Try it | Please write out all the data that follows exactly, without the pictures.

Data below |
====
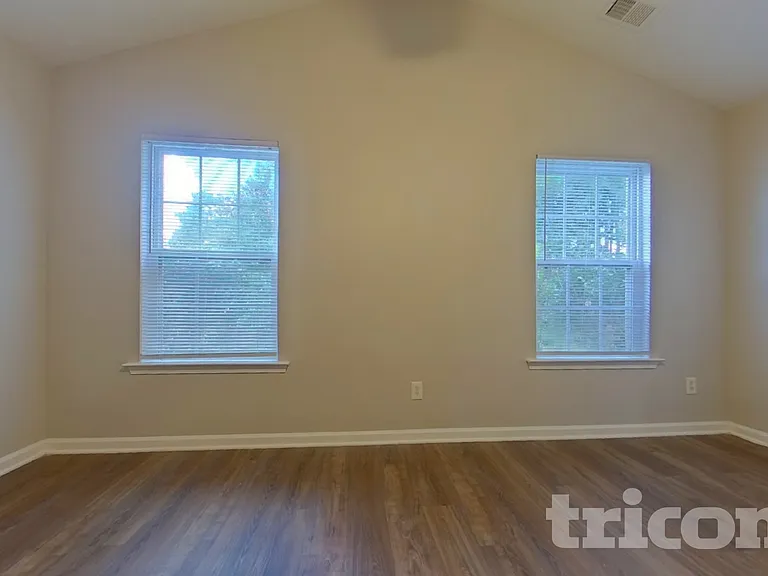 180 Riglaw Cir — Photo 6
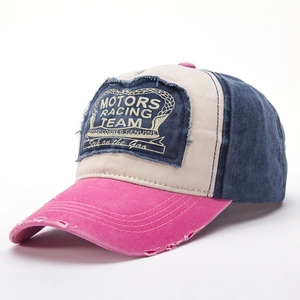Retro distressed honkbalpet met racing patch en contrasterende kleurvlakken design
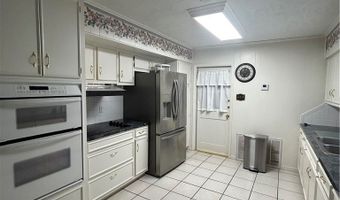 1005 Loma St, Alice, TX 78332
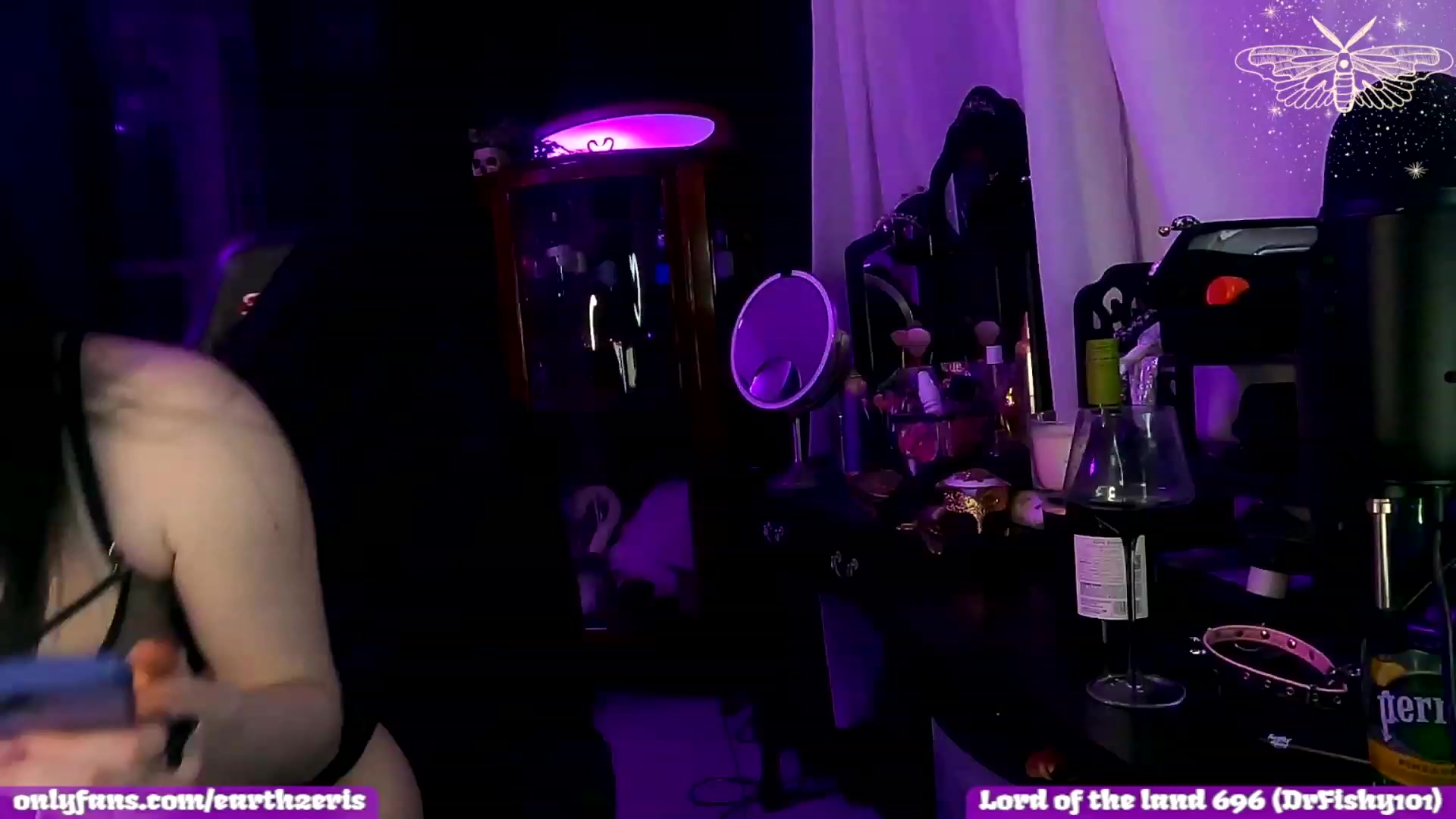 Gallery image thumbnail from Eris_exe's myfreecams stream on, 11/26/2022, 05:31 image 17 of 20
====
Response box |
 180 Riglaw Cir — Photo 6
Retro distressed honkbalpet met racing patch en contrasterende kleurvlakken design
 1005 Loma St, Alice, TX 78332
 Gallery image thumbnail from Eris_exe's myfreecams stream on, 11/26/2022, 05:31 image 17 of 20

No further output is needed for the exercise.